フランスが未踏の道筋に、解散・総選挙で生じた行き詰まり打開探る

AI要約

フランスの政界は波乱含みの国民議会選挙を終え、次期首相の任命と組閣に向けた交渉が本格化している。

左派連合が第1党になったが、次期内閣主導権は不透明であり、協力関係の構築が必要とされている。

極右勢力の敗北や勢力の分裂による政治的複雑さが内閣選出を難しくしている状況が続いている。

(ブルームバーグ): フランスの政界は波乱含みとなった国民議会(下院、定数577)選挙を終えて一息つきつつあるが、関係各党は次期首相の任命と組閣に向けて本格的な交渉開始に備えている。

7日の決選投票で第1党となった左派連合の多くの新議員は8日、顧問の採用や国民議会へのオフィス移動などの対応に追われた。政界のさまざまな勢力の代表が状況を見極めようとする中、マクロン大統領は与党連合の議員らと会談した。

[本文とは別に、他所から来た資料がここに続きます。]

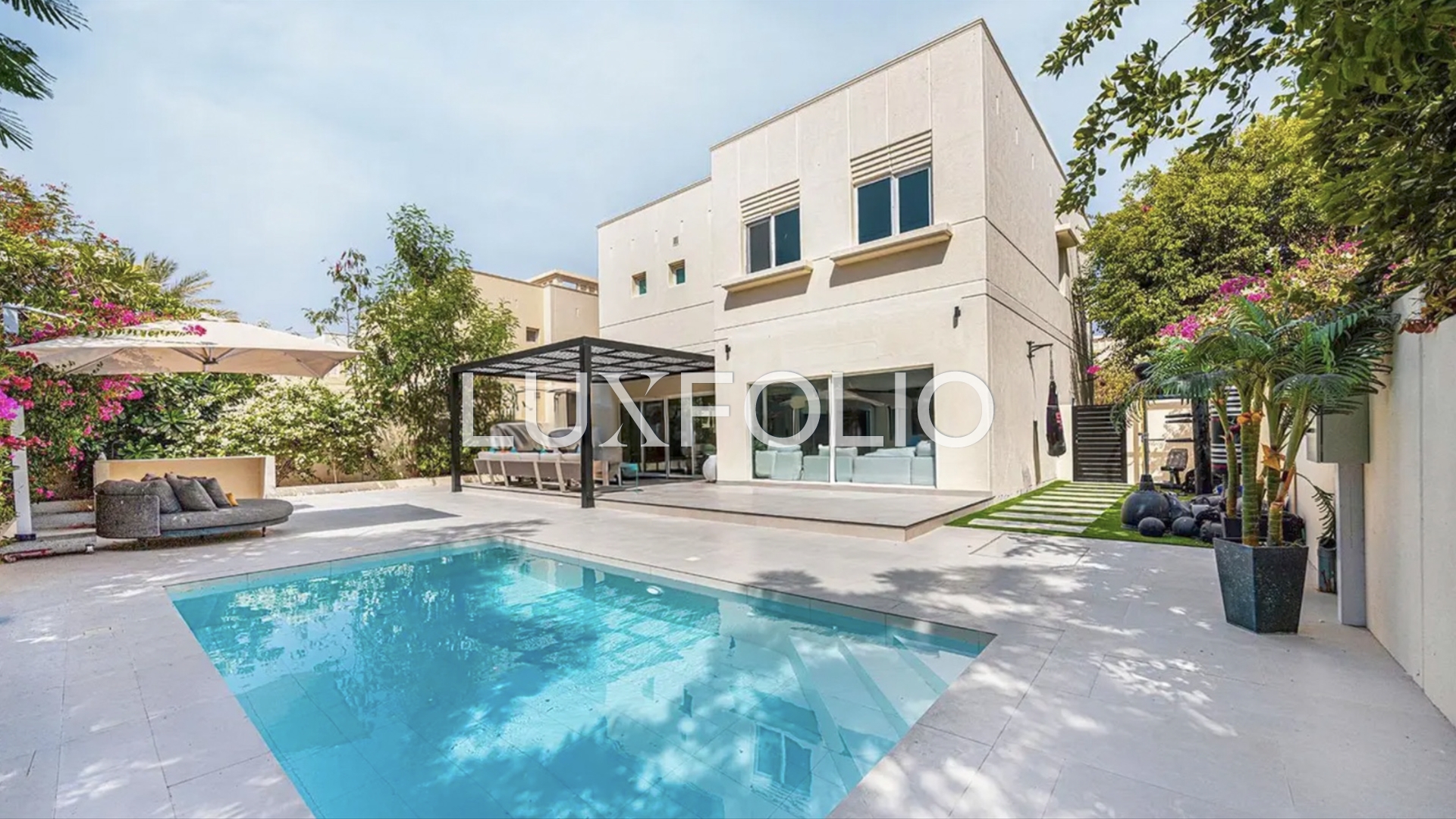 5 bedroom Apartment for rent in Meadows at 620,000 AED per year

先月の欧州議会選挙で極右勢力に大敗を喫したマクロン大統領は解散・総選挙に踏み切り、国民議会での主導権を失った。ただ国民議会がそれぞれ敵対する三つの勢力に分かれたことで、誰が次期内閣を主導できるかは不透明だ。

178議席を確保した左派連合「新人民戦線」が先駆けて行動する可能性があり、首相候補の1人とされるヤニック・ジャド上院議員は左派連合が数日中の候補者指名を目指しているとフランス・アンフォに語った。

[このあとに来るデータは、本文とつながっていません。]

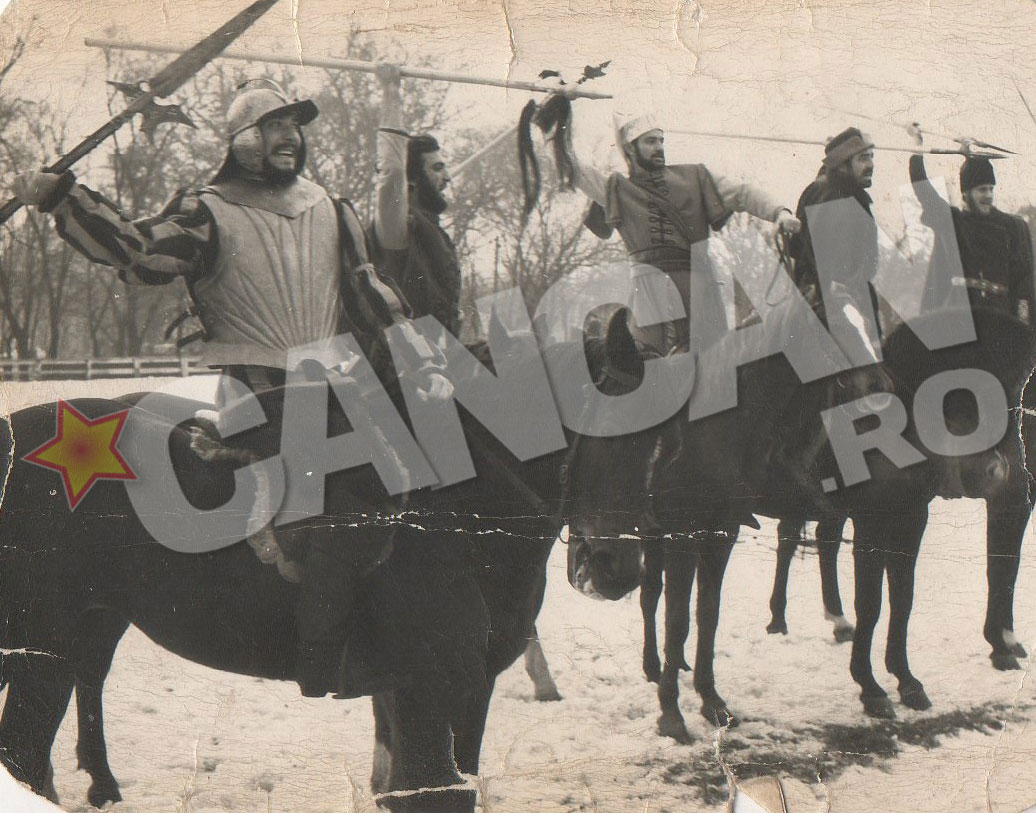 Tatal cantaretei calarea din tinerete si chiar a participat la proiecte cinematografice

左派連合で緑の党を代表するジャド議員は「われわれは今週中に政府を提案する」とし、「われわれの連合内で合意が得られ、国を落ち着かせ、国が必要とする一定数の主要改革で過半数を確保できる首相を必要としている」と指摘した。

ただ問題は、その候補者がマクロン氏の中道連合(156議席)の支持獲得を必要とすることがほぼ確実なことだ。左派連合と中道連合の両方、あるいは両連合の少なくとも一部は法案を通すため、絶対多数となる289票に可能な限り近づける必要がある。

こうした状況は、社会党と極左の「不屈のフランス」を含む新人民戦線にとって圧力となる。不屈のフランスのジャンリュック・メランション党首は、中道連合とのさらなる協力にかなり消極的で、中道連合も同様の姿勢だ。

両グループは7日の決選投票に向けて、票の分散回避のため当選の可能性がほとんどない候補者を戦略的に撤退させる調整を行った。その結果、マリーヌ・ルペン氏が実質的に率いる極右政党・国民連合(RN)は獲得議席数が143にとどまり、第1回投票で全国的にリードしていたにもかかわらず第3位に終わった。